**Action item:** From the top of the entries below through the line containing "BISSELL Little Green", return every line exactly as written, please, and stop there.

Data items:
━━━━━━
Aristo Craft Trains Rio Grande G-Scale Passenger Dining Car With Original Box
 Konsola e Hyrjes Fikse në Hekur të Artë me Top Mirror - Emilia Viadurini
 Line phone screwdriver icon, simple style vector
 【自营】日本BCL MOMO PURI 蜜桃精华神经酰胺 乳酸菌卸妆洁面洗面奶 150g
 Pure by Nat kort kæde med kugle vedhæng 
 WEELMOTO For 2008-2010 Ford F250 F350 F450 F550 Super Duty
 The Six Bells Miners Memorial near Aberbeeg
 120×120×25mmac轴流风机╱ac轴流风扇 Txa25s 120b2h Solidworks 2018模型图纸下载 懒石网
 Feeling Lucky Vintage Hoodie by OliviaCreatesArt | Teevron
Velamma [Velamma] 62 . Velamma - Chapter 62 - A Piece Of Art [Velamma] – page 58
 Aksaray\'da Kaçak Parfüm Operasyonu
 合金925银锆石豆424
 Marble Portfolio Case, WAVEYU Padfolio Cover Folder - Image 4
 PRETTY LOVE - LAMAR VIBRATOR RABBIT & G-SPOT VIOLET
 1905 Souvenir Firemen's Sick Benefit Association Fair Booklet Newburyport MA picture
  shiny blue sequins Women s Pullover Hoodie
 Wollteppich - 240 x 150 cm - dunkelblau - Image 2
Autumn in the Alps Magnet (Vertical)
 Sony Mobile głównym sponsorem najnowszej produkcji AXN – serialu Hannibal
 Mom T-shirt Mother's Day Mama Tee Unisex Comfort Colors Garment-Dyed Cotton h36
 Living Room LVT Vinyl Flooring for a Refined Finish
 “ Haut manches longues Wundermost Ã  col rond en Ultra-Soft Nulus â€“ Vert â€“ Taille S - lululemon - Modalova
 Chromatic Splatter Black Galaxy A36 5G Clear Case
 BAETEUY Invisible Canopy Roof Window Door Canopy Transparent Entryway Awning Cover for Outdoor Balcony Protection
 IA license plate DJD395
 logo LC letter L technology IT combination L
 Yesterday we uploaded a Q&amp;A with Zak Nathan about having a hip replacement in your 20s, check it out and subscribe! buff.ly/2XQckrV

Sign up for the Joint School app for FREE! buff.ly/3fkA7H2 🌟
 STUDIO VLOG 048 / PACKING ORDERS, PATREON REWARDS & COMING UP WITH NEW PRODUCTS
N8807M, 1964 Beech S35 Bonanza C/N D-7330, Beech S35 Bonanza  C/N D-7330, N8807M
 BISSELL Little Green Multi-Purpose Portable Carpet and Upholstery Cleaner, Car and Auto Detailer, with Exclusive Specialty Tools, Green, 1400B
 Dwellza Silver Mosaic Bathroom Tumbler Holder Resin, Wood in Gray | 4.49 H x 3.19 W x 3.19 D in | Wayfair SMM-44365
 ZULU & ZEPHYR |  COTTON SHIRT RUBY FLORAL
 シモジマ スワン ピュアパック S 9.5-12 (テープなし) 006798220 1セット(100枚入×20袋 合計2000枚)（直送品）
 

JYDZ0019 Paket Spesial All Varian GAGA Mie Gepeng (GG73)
━━━━━━
**Task answer:**
Aristo Craft Trains Rio Grande G-Scale Passenger Dining Car With Original Box
 Konsola e Hyrjes Fikse në Hekur të Artë me Top Mirror - Emilia Viadurini
 Line phone screwdriver icon, simple style vector
 【自营】日本BCL MOMO PURI 蜜桃精华神经酰胺 乳酸菌卸妆洁面洗面奶 150g
 Pure by Nat kort kæde med kugle vedhæng 
 WEELMOTO For 2008-2010 Ford F250 F350 F450 F550 Super Duty
 The Six Bells Miners Memorial near Aberbeeg
 120×120×25mmac轴流风机╱ac轴流风扇 Txa25s 120b2h Solidworks 2018模型图纸下载 懒石网
 Feeling Lucky Vintage Hoodie by OliviaCreatesArt | Teevron
Velamma [Velamma] 62 . Velamma - Chapter 62 - A Piece Of Art [Velamma] – page 58
 Aksaray\'da Kaçak Parfüm Operasyonu
 合金925银锆石豆424
 Marble Portfolio Case, WAVEYU Padfolio Cover Folder - Image 4
 PRETTY LOVE - LAMAR VIBRATOR RABBIT & G-SPOT VIOLET
 1905 Souvenir Firemen's Sick Benefit Association Fair Booklet Newburyport MA picture
  shiny blue sequins Women s Pullover Hoodie
 Wollteppich - 240 x 150 cm - dunkelblau - Image 2
Autumn in the Alps Magnet (Vertical)
 Sony Mobile głównym sponsorem najnowszej produkcji AXN – serialu Hannibal
 Mom T-shirt Mother's Day Mama Tee Unisex Comfort Colors Garment-Dyed Cotton h36
 Living Room LVT Vinyl Flooring for a Refined Finish
 “ Haut manches longues Wundermost Ã  col rond en Ultra-Soft Nulus â€“ Vert â€“ Taille S - lululemon - Modalova
 Chromatic Splatter Black Galaxy A36 5G Clear Case
 BAETEUY Invisible Canopy Roof Window Door Canopy Transparent Entryway Awning Cover for Outdoor Balcony Protection
 IA license plate DJD395
 logo LC letter L technology IT combination L
 Yesterday we uploaded a Q&amp;A with Zak Nathan about having a hip replacement in your 20s, check it out and subscribe! buff.ly/2XQckrV

Sign up for the Joint School app for FREE! buff.ly/3fkA7H2 🌟
 STUDIO VLOG 048 / PACKING ORDERS, PATREON REWARDS & COMING UP WITH NEW PRODUCTS
N8807M, 1964 Beech S35 Bonanza C/N D-7330, Beech S35 Bonanza  C/N D-7330, N8807M
 BISSELL Little Green Multi-Purpose Portable Carpet and Upholstery Cleaner, Car and Auto Detailer, with Exclusive Specialty Tools, Green, 1400B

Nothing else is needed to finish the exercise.